Она быстро глянула — у него дрожали губы, он был огорчён.
— Или, чтобы зажечься, тебе нужно причинить боль, унизить? — его голос снова стал обволакивающим, низким. — Я не против и готов подчиниться твоим желаниям. Что, сходить за прутьями? В прошлый раз, когда ты меня наказывала, я потом всю ночь не мог утишить твой любовный жар… для меня оно того стоит.
«Проклятый Мелетий! По-нашему, по-сиамарски! А то уважать не будут!» — она чувствовала, как запылали уши. Вытерла слёзы стыда и, вместо того, чтобы достойно объясниться, тонко пискнула:
— Нет!!! — и, неблагородно отпихнув благородного эльфа, кинулась вон, по дороге случайно задев брауни и слыша, как с грохотом полетела на пол чаша, как расплескалась вода и как захохотал эльф.
— Irima, я понял: ты хочешь поиграть в соблазнение девственницы, да? — и хохот усилился.
Стоя у окна, за которым мело, Агнесса охолонула, и только поджалась слегка, когда тихо подошедший эльф нежно завёл выбившуюся прядь ей за ухо:
— Тебе некуда бежать от меня, irima, — голос был виноватым и сочувственным, — прости меня за это и за то, что я мужчина…
Тут он замялся, как будто потеряв слова. Агнесса вздохнула, подумав, что в её мире доблестным считалось завалить пленницу, совершенно не интересуясь её мнением на этот счёт. Эльф как будто слышал мысли:
— Я хочу тебя. Но неволить не стану. Мы оба понимаем, что роли поменялись, но ты по-прежнему остаёшься госпожой моего сердца, я слаб перед тобой, — интонации его обретали умоляющие нотки, дыхание снова стало тяжёлым, и он тут же сам себя остановил: — Хватит. Расслабься, пойдём позавтракаем.
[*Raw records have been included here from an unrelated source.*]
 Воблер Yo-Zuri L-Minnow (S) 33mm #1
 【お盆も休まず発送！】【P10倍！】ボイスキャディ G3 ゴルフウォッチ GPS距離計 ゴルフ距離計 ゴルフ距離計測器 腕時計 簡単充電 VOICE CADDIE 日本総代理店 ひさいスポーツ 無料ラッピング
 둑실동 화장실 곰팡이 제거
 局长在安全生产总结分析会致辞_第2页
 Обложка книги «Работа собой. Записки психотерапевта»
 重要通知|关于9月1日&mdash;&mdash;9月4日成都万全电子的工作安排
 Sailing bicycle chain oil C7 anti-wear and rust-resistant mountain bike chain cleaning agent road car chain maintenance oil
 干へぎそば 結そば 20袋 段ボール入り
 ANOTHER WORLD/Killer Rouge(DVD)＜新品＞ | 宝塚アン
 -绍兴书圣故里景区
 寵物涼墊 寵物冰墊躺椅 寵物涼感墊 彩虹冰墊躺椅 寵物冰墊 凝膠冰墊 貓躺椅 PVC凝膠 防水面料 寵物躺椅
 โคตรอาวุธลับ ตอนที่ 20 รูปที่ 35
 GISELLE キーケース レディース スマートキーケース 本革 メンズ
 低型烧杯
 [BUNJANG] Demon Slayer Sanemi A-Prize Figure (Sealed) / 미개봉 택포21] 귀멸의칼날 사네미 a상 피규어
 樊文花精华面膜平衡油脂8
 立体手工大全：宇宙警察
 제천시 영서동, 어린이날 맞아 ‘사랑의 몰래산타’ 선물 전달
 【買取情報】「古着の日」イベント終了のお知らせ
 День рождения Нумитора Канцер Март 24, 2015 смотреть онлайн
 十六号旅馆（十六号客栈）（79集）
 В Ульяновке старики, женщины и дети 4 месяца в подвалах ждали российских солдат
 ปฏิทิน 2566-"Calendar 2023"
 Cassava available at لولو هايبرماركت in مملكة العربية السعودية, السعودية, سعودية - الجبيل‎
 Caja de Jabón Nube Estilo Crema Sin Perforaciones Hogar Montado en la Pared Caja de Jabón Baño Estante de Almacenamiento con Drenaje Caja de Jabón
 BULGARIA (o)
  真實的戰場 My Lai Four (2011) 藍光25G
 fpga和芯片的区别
И весь оставшийся день учил её местному языку и письменности, рассказывал всякое интересное — и вёл себя гостеприимным сдержанным хозяином. Спальными местами они поменялись: Агнесса выразила желание спать на матрасике у камина, в спальне ей показалось неуютно.
***
Проснувшись следующим утром, она счастливо потянулась под пуховым одеялом, поиграла с бурундуком и доползла до окна посмотреть на погоду — кончилась ли метель. Высунув нос, убедилась, что погода хороша и вроде бы даже потеплело слегка, но тут же замёрзла от вида голого эльфа, безмятежно купающегося в ледяном ручье. Потом немного отошла и смотрела с удовольствием, пока он не вскинул глаза, поймав её за этим занятием.
Возникло нехорошее подозрение, что терм с тёплой водичкой ей более не видать, но подозрения не сбылись: неподалёку были пещеры с горячими ключами, куда Релитвионн отвёл её. Агнесса смутилась, поняв, что для эльфов пещеры были аналогом общественных терм, и встретить там можно было кого угодно, но Релитвионн всегда был рядом, переводил и сглаживал возникающее неудобство. И как-то легко в его дубе стали появляться гости и гостьи, и Агнесса действительно понемногу обучалась языку. Эльфийки стали захаживать именно к ней, и она удивилась, что даже с помощью словесных огрызков и жестов учится местным рукоделиям. Полюбила сидеть с шитьём у окна, и общества соседей ей хватало, так что приглашение во дворец на Йоль, местный праздник середины зимы, вызвало лёгкое любопытство, граничащее с неприязнью. Она помнила базилевса, и впечатления о нём остались неоднозначные. Но пошла, нарядившись и надев выбранные Релитвионном драгоценности.